The lines from the one containing "This image shows" to the end of the entries, both included, are what you need to transcribe exactly, without pictures and without anything else.

*** Given entries ***

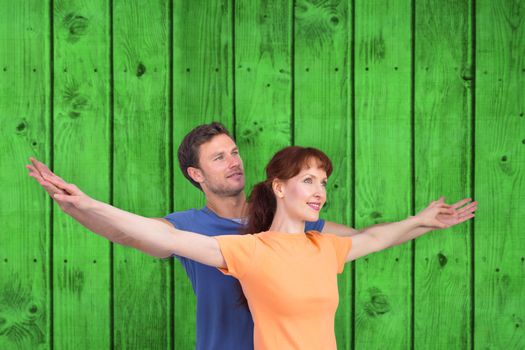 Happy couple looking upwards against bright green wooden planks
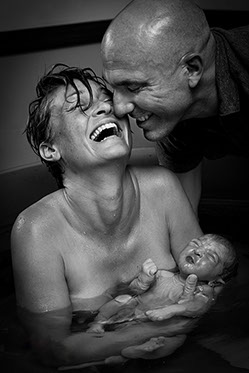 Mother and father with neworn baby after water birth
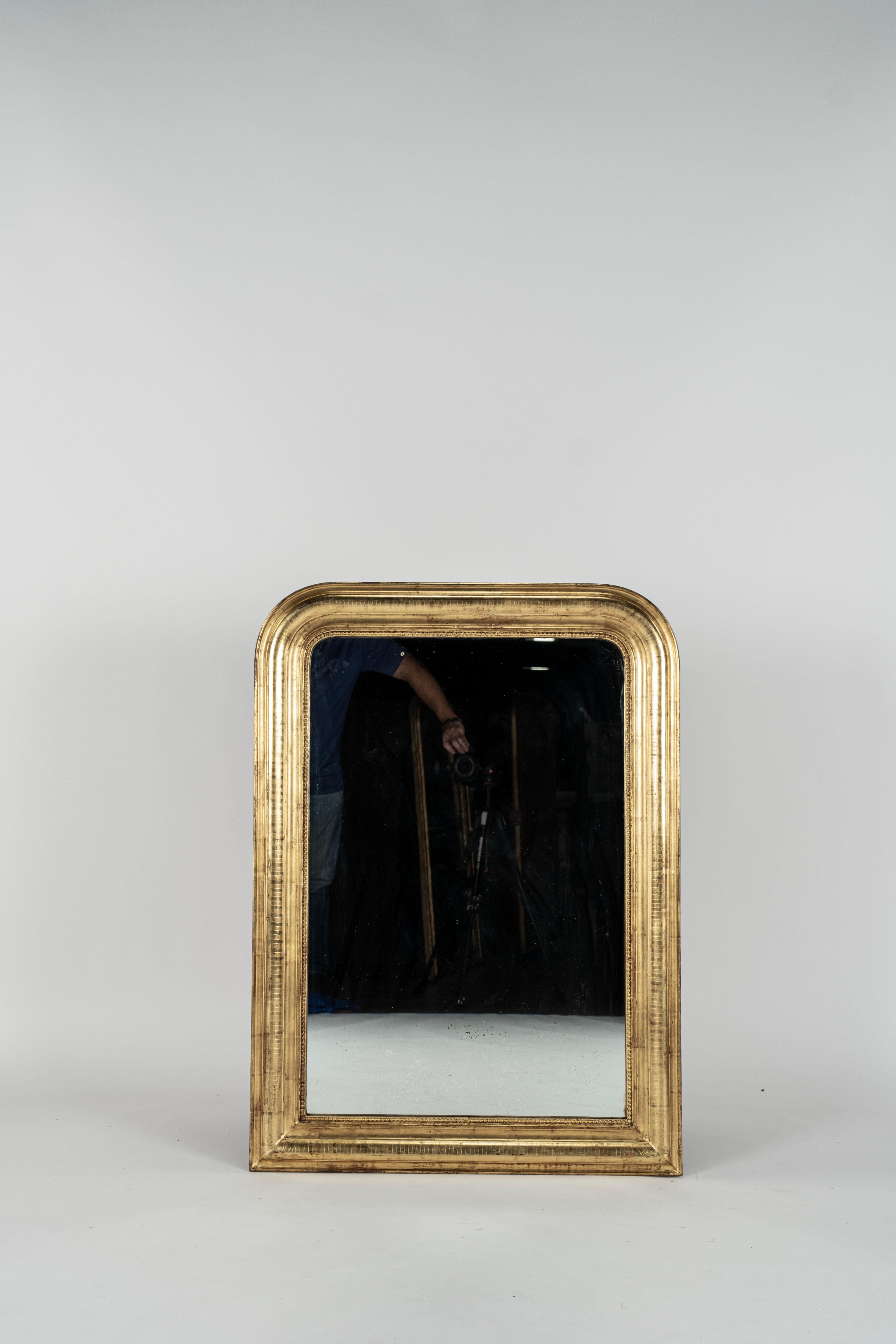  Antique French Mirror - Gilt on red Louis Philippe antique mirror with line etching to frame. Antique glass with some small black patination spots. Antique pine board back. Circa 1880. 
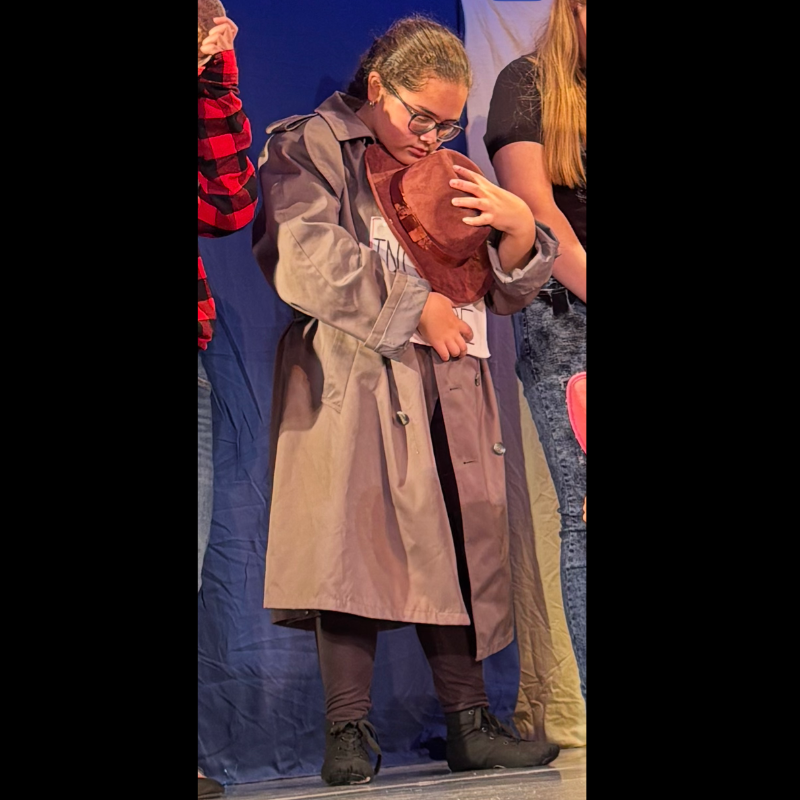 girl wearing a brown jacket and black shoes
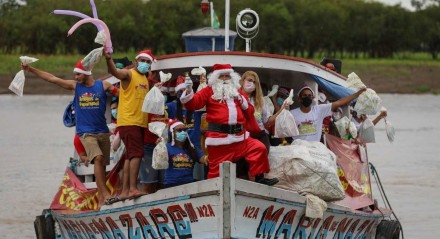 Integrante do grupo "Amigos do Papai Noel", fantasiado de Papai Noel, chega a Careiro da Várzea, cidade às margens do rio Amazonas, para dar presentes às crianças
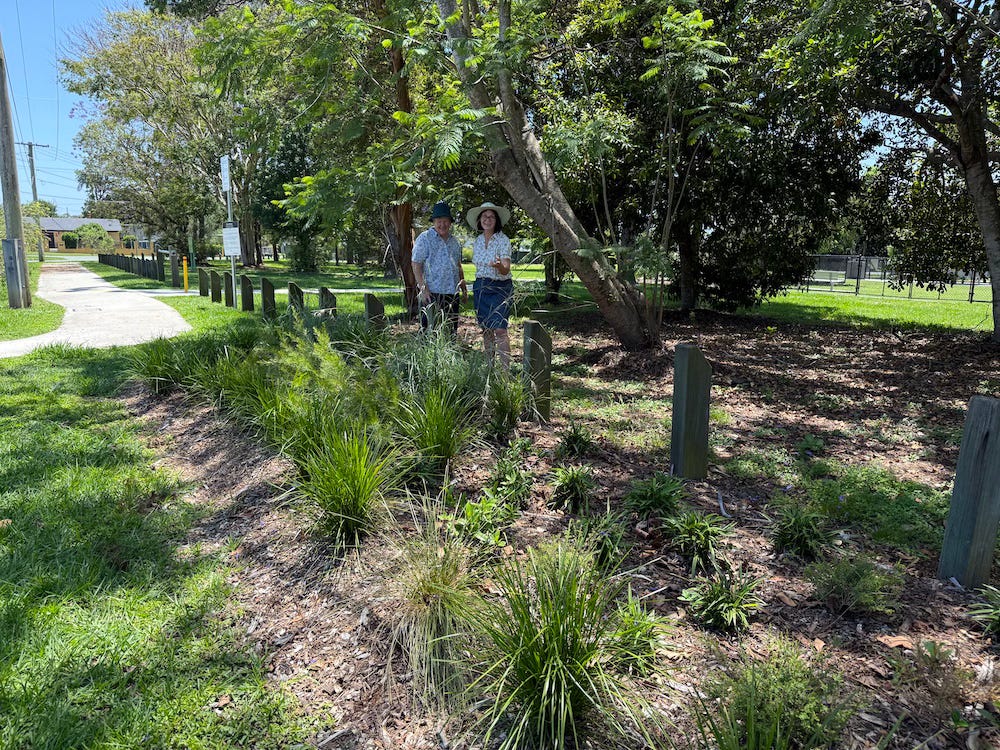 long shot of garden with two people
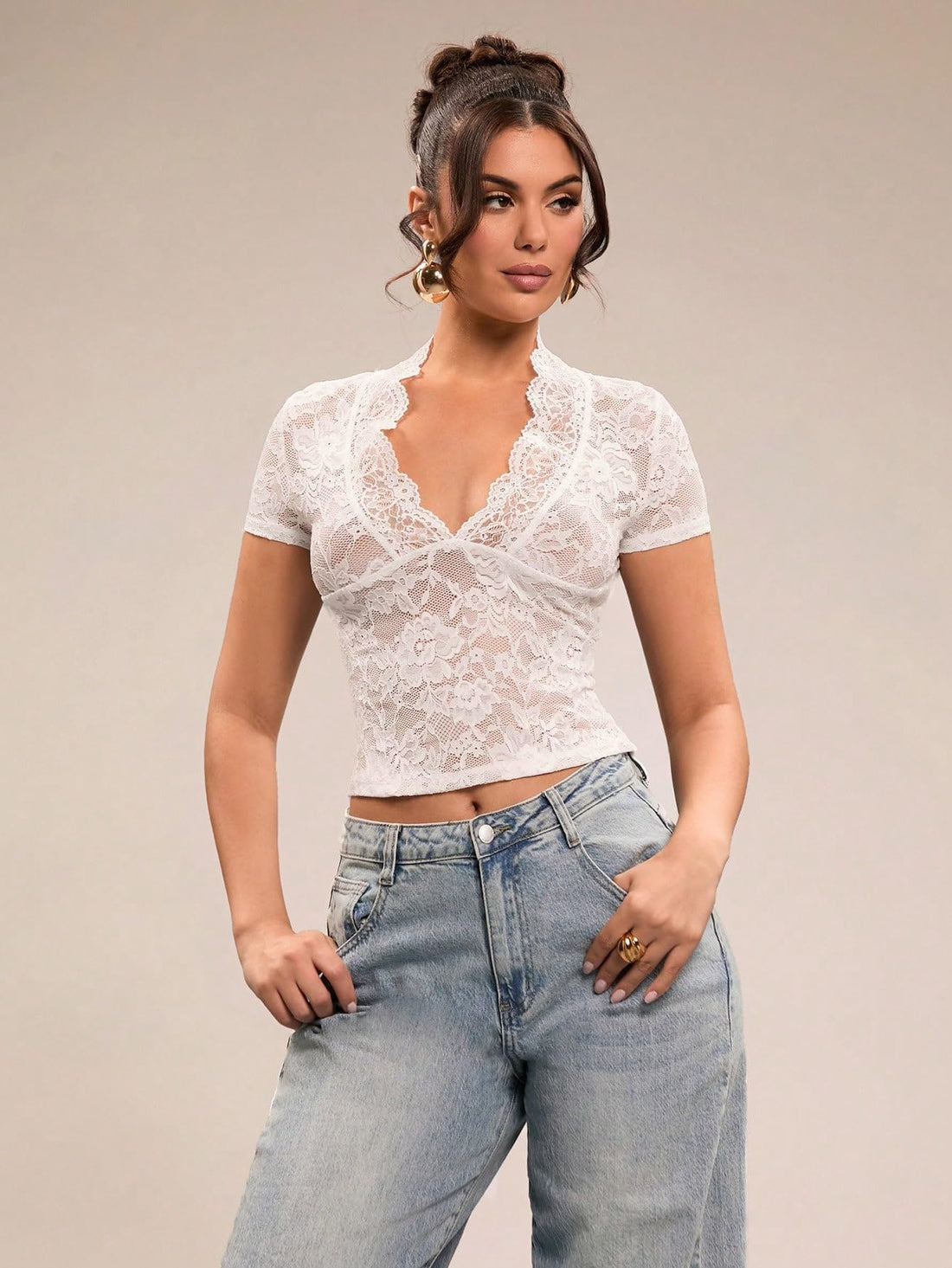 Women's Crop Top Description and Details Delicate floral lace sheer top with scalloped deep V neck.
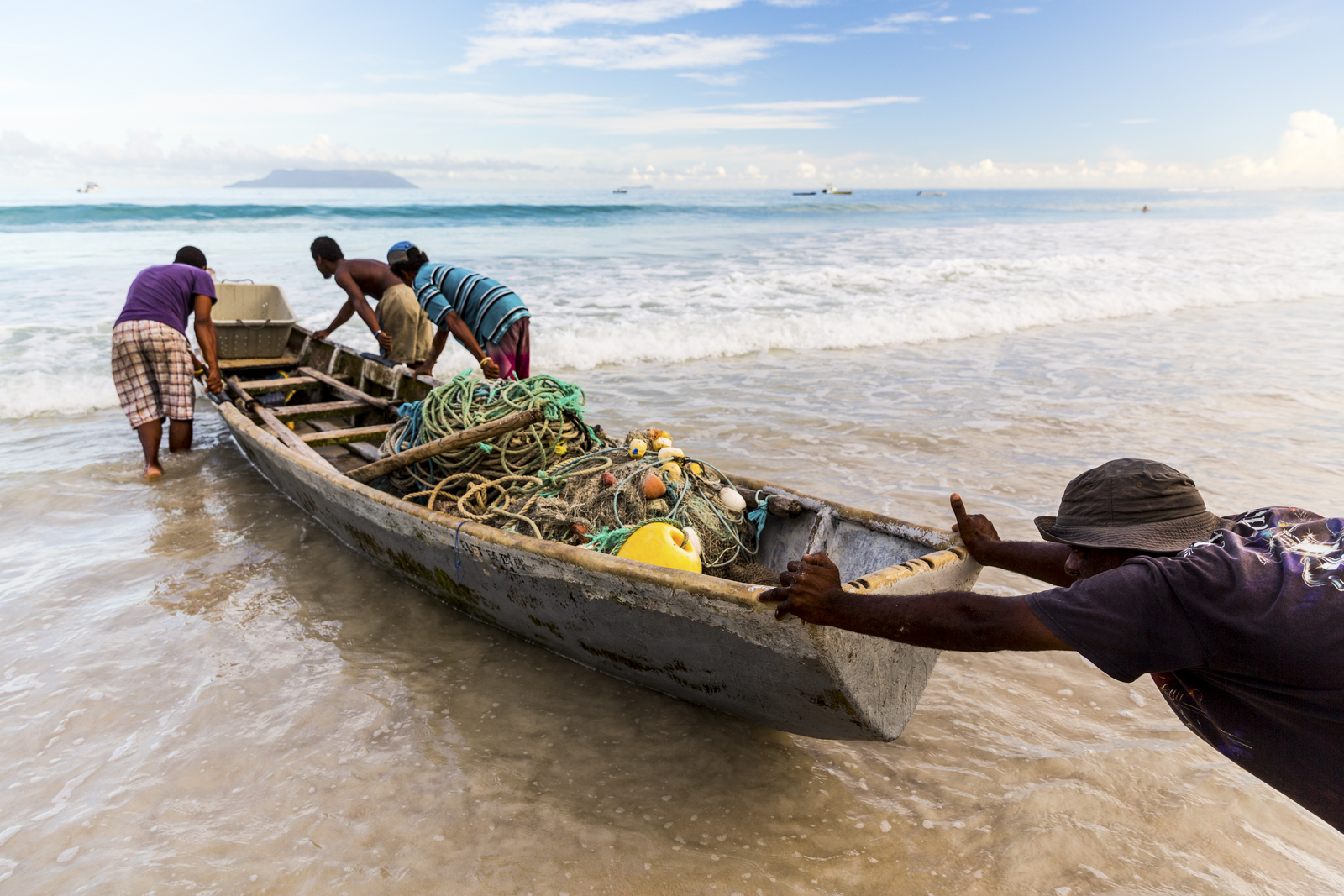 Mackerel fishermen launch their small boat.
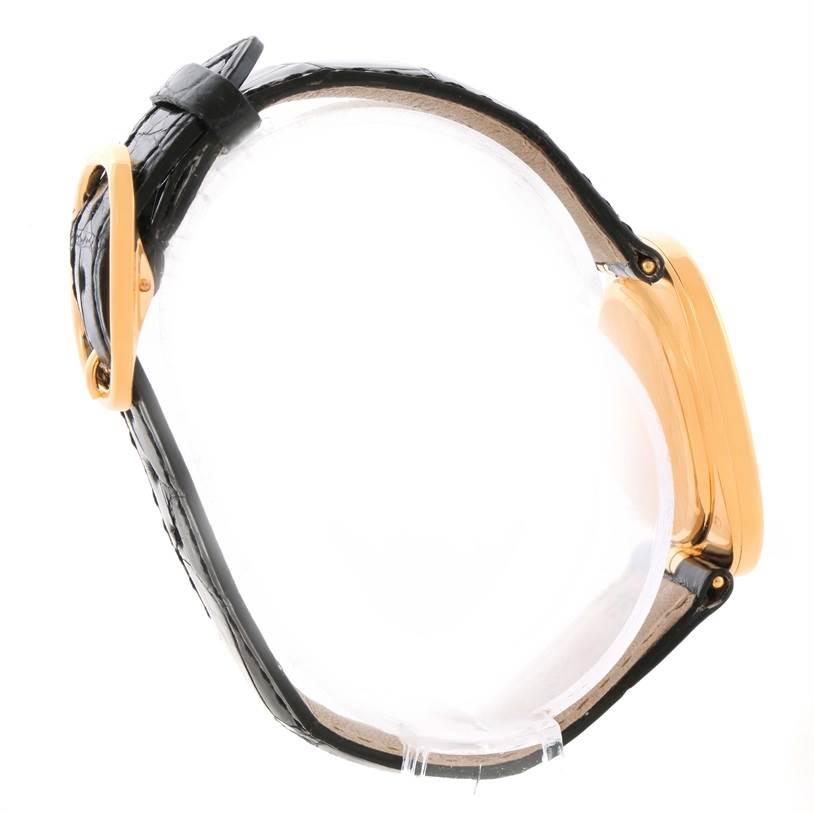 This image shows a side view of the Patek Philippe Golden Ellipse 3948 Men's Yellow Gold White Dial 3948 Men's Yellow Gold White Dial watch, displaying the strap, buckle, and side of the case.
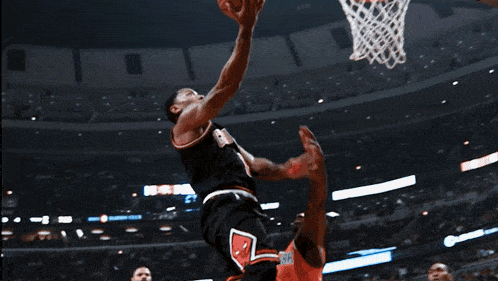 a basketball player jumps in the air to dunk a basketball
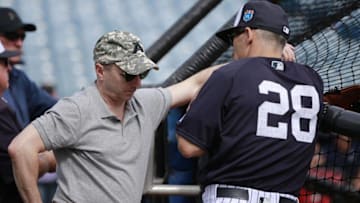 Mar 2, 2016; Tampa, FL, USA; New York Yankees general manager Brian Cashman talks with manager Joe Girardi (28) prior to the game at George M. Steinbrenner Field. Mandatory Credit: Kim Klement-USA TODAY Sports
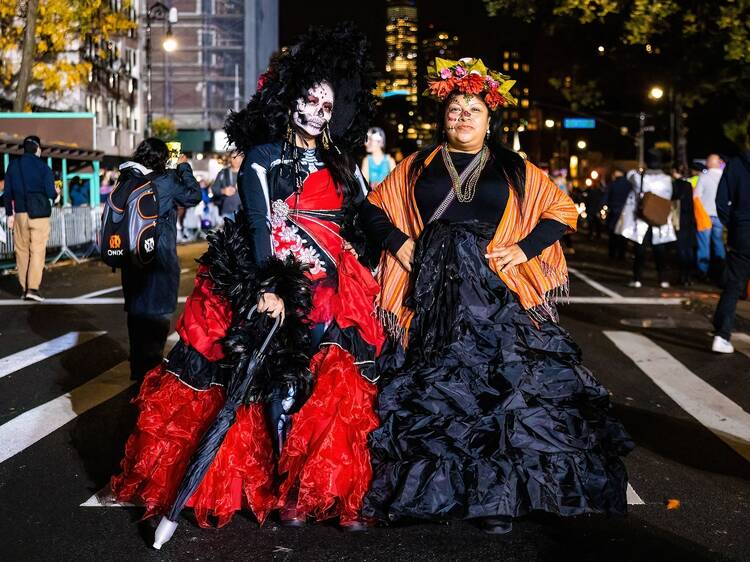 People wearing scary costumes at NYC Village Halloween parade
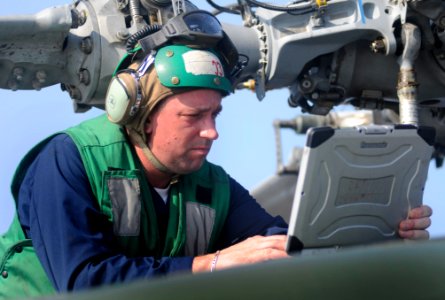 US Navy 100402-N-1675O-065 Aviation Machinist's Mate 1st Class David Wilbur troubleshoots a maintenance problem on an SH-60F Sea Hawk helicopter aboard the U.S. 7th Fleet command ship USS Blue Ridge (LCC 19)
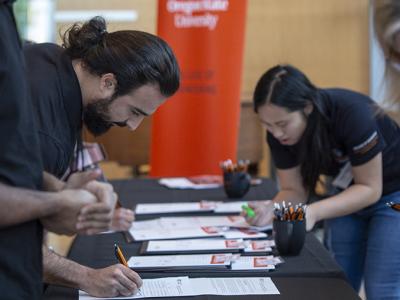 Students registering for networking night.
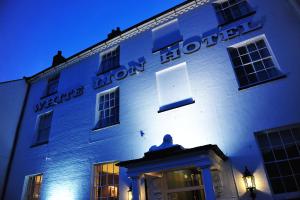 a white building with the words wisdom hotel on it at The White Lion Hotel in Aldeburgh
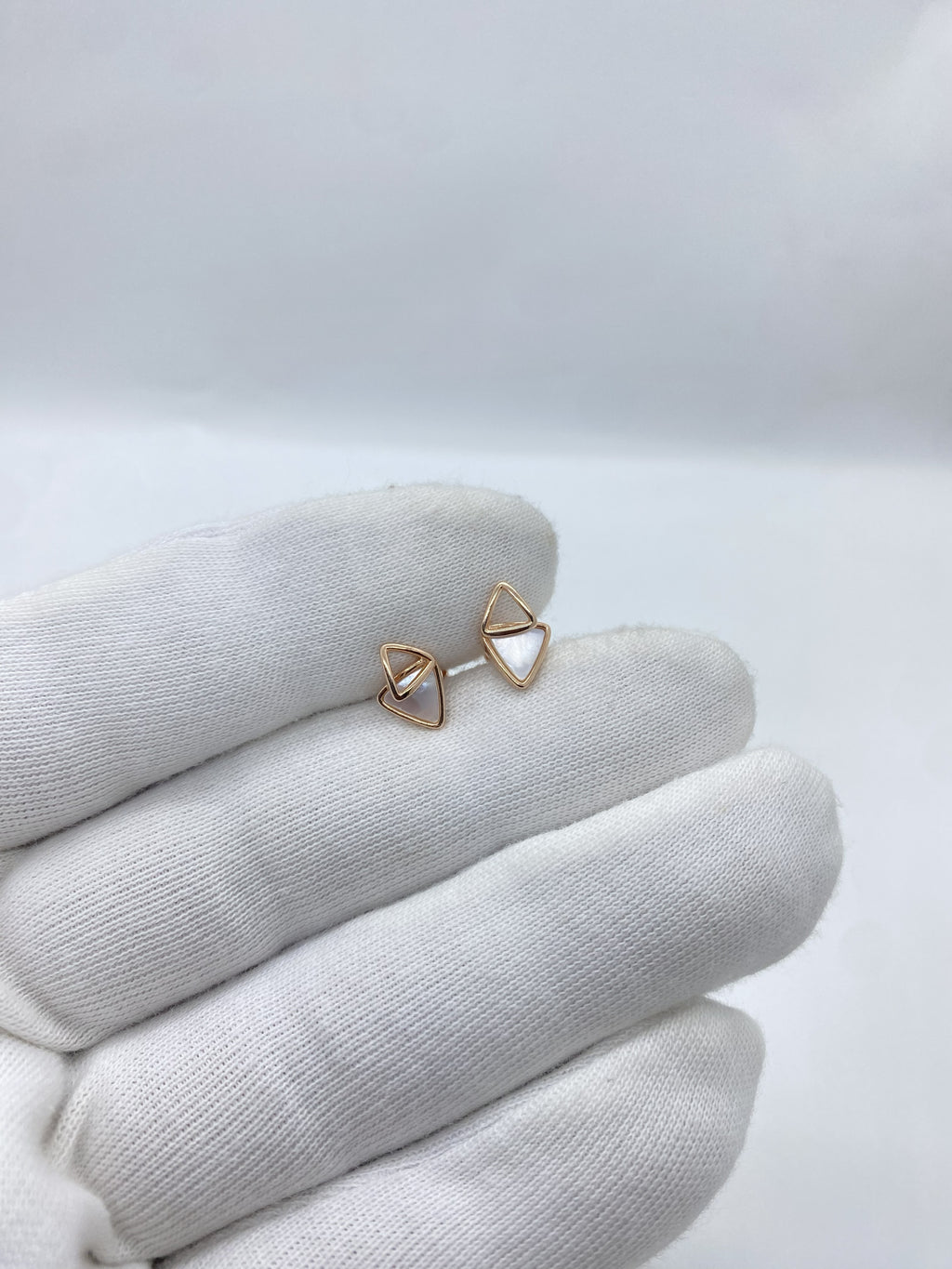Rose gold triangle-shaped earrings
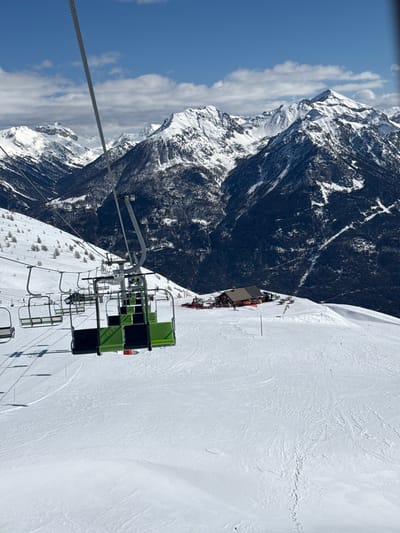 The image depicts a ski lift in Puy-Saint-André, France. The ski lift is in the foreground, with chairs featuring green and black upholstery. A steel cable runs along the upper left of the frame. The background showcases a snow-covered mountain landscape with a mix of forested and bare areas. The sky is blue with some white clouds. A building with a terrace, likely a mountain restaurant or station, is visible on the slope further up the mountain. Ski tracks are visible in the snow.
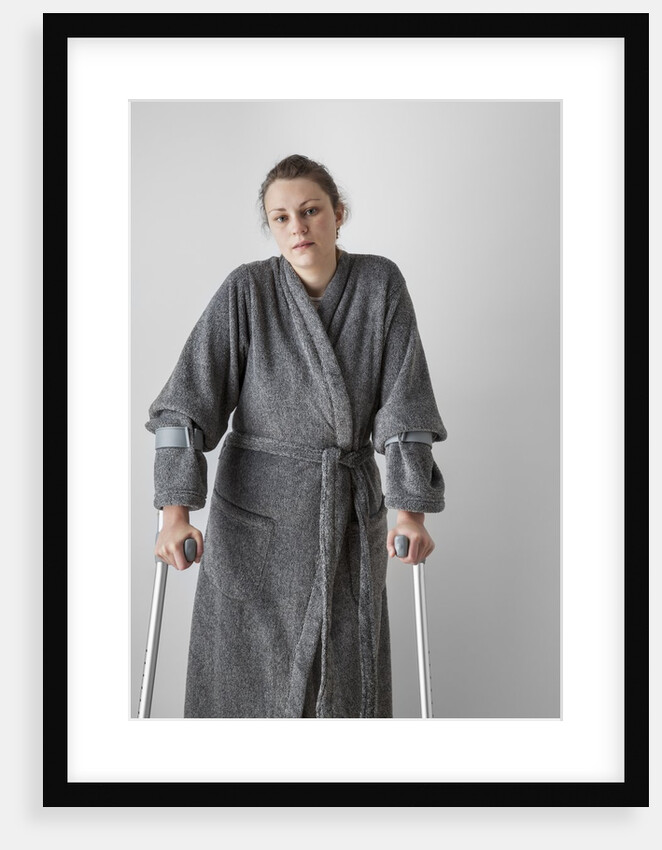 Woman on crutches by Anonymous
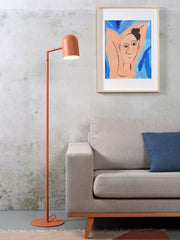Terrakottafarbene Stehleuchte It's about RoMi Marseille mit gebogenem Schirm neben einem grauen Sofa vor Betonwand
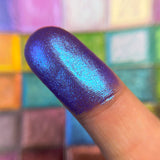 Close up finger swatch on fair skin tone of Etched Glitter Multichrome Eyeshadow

***

> [Written solution]
 This image shows a side view of the Patek Philippe Golden Ellipse 3948 Men's Yellow Gold White Dial 3948 Men's Yellow Gold White Dial watch, displaying the strap, buckle, and side of the case.
 a basketball player jumps in the air to dunk a basketball
 Mar 2, 2016; Tampa, FL, USA; New York Yankees general manager Brian Cashman talks with manager Joe Girardi (28) prior to the game at George M. Steinbrenner Field. Mandatory Credit: Kim Klement-USA TODAY Sports
 People wearing scary costumes at NYC Village Halloween parade
 US Navy 100402-N-1675O-065 Aviation Machinist's Mate 1st Class David Wilbur troubleshoots a maintenance problem on an SH-60F Sea Hawk helicopter aboard the U.S. 7th Fleet command ship USS Blue Ridge (LCC 19)
 Students registering for networking night.
 a white building with the words wisdom hotel on it at The White Lion Hotel in Aldeburgh
Rose gold triangle-shaped earrings
 The image depicts a ski lift in Puy-Saint-André, France. The ski lift is in the foreground, with chairs featuring green and black upholstery. A steel cable runs along the upper left of the frame. The background showcases a snow-covered mountain landscape with a mix of forested and bare areas. The sky is blue with some white clouds. A building with a terrace, likely a mountain restaurant or station, is visible on the slope further up the mountain. Ski tracks are visible in the snow.
 Woman on crutches by Anonymous
Terrakottafarbene Stehleuchte It's about RoMi Marseille mit gebogenem Schirm neben einem grauen Sofa vor Betonwand
 Close up finger swatch on fair skin tone of Etched Glitter Multichrome Eyeshadow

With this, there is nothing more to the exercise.